Evaluation on an unseen test dataset yields an overall end-to-end F1-Score of 0.855 and AUC of 0.91, demonstrating that the combined architecture maintains strong consistency between forged region segmentation and forgery method classification. The segmentation module achieves an F1-Score of 0.875 and IoU of 0.78, while the classification module attains an F1-Score of 0.94. These results confirm that the proposed dual-stage approach performs competitively with recent state-of-the-art models while offering enhanced interpretability and modularity.

Figure 10 illustrates representative end-to-end examples of the full workflow. Each row displays the raw image, the binary mask generated by the segmentation stage, and the final classification result. The forged regions are clearly highlighted with orange overlays and the predicted forgery methods correspond accurately to copy-move, splicing, and inpainting forgeries. The outputs demonstrate not only the visual precision of segmentation but also the classifier’s ability to capture contextual and high-frequency cues relevant to each forgery method.

Figure 11 illustrates representative failure cases of the full workflow. Each row displays the raw image, segmentation result, segmentation ground-truth, final classification result and classification ground-truth. In the first example, a copy-move image yields a failure: the upper forged area is cropped, global context is reduced, and the segmentation mask resembles an external insertion, leading to a splicing decision. In the second example, a spurious activation appears around the bird’s head, producing a distant false positive; edge and specular textures in that region imitate the forged region and steer the decision toward copy-move. These failures indicate that context loss and texture confusion can propagate through the architecture and affect the final output.

A comparative evaluation against prior studies further highlights the effectiveness of the proposed architecture. Table 3 reports overall end-to-end performance (Precision, Recall and F1-Score) for representative methods under comparable settings. The proposed architecture attains an overall F1-Score of 0.855 and an AUC of 0.91, while remaining compact compared with multi-branch and attention-based models such as Dense FCN [10], ManTraNet [11], PCL [12], and BusterNet [13] as shown in Table 4. These results indicate that precise segmentation and robust classification can be achieved through a compact dual-module design without sacrificing overall detection quality. A detailed overview of these architectures is provided in Section 1.

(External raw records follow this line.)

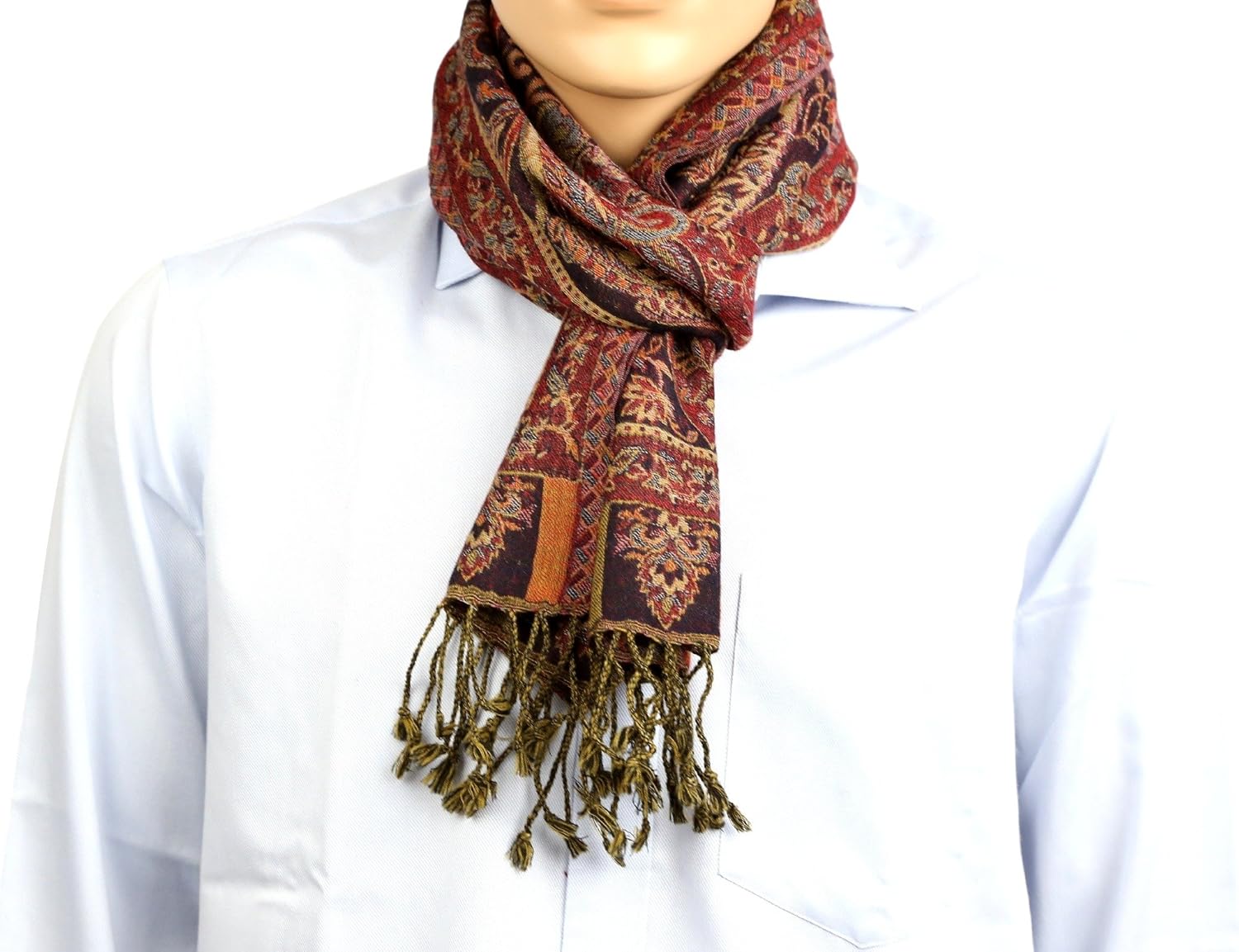 Gifts Men Accessories Indian Dress Neck Scarf Wool Paisley Design, 13 X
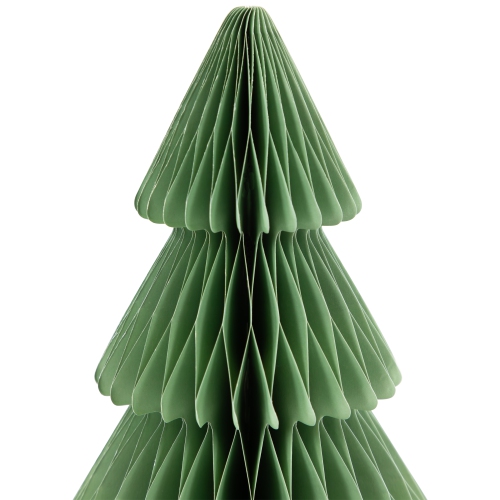 Accordion Honeycomb Foldable Paper Christmas Trees - 15" - Green and Ivory - Set of 3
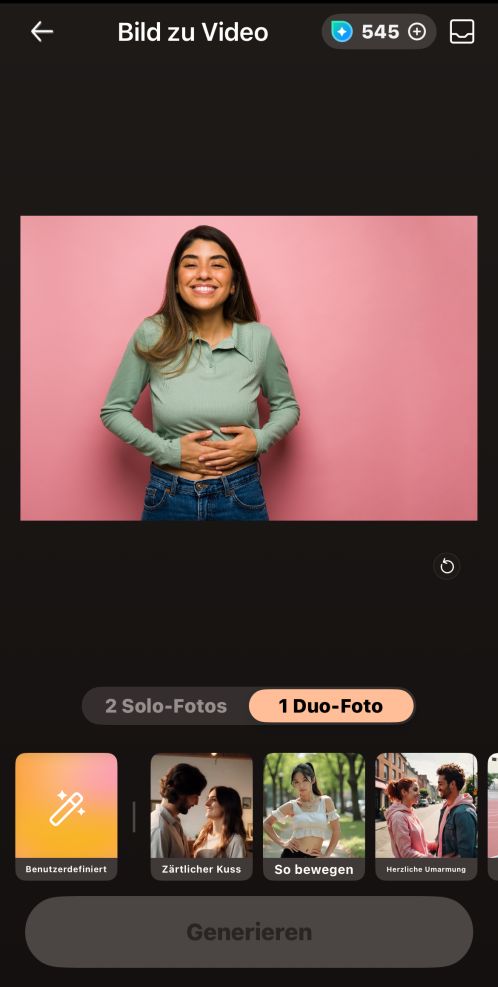 Lade ein Foto einer Person.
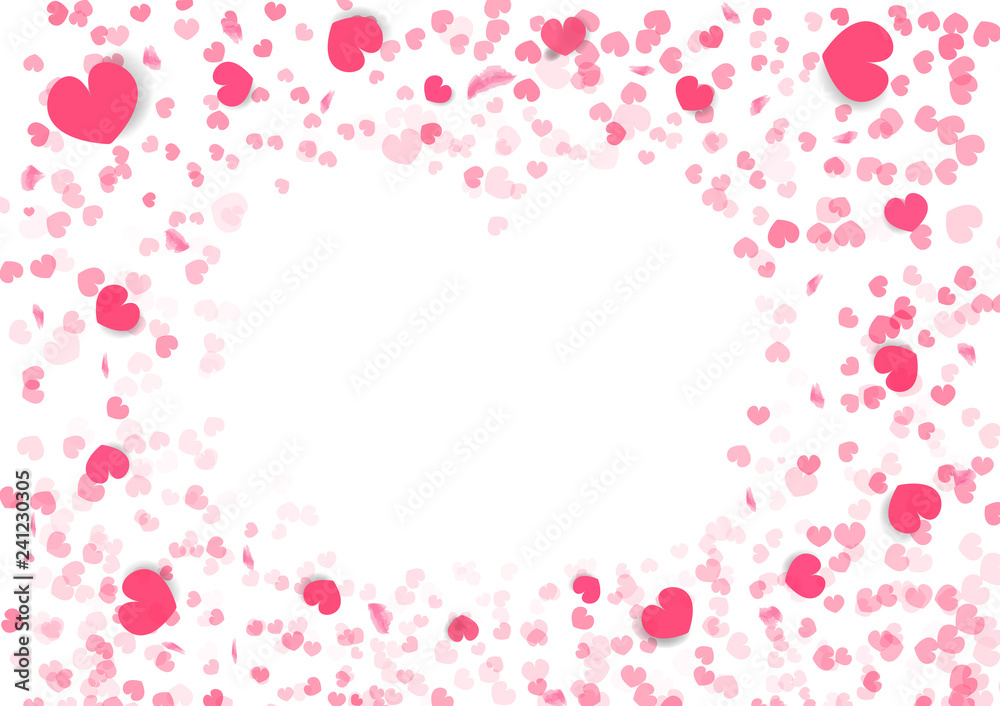 Valentine's day background, heart shape frame, paper art confetti falling paper decoration of love vector abstract illustration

Taken together, these results verify that the proposed architecture surpasses existing single-stage detectors in both overall performances (such as F1-Score and AUC) and explainability, providing reliable evidence for real-world forensic image analysis, where the credibility of visual evidence and interpretability of results are of paramount importance.

4. Discussion

This study presents a dual-module architecture for image forgery detection, designed to enhance interpretability and forensic reliability by jointly performing forgery segmentation and forgery classification. The architecture integrates two specialized modules: an encoder–decoder structured segmentation network based on EfficientNet-B7 for pixel-level localization, and a dual-stream classification network employing both noise- and context-based feature representations. This modular design enables independent optimization of each task while maintaining seamless interaction in the combined workflow.

Experimental results demonstrate strong quantitative and qualitative performance across all evaluation stages. The segmentation module achieves an F1-Score of 0.875 and an IoU of 0.78, accurately identifying forged regions within diverse images. The classification module reaches an F1-Score of 0.94, correctly distinguishing between copy-move, splicing, and inpainting forgeries. When the two modules are integrated, the full architecture attains an overall end-to-end F1-Score of 0.855 and AUC of 0.91 on unseen test data, confirming the robustness and complementarity of the proposed dual-stage architecture.

Beyond numerical performance, the architecture offers substantial methodological advantages. By decoupling segmentation and classification, it allows flexible model updates and targeted performance improvements in either stage without retraining the entire system. The architecture’s interpretability, producing both a visible segmentation mask and an explicit forgery method label, facilitates evidence-based analysis suitable for real investigative and legal contexts, addressing the critical demand for transparency in AI-driven forensic applications.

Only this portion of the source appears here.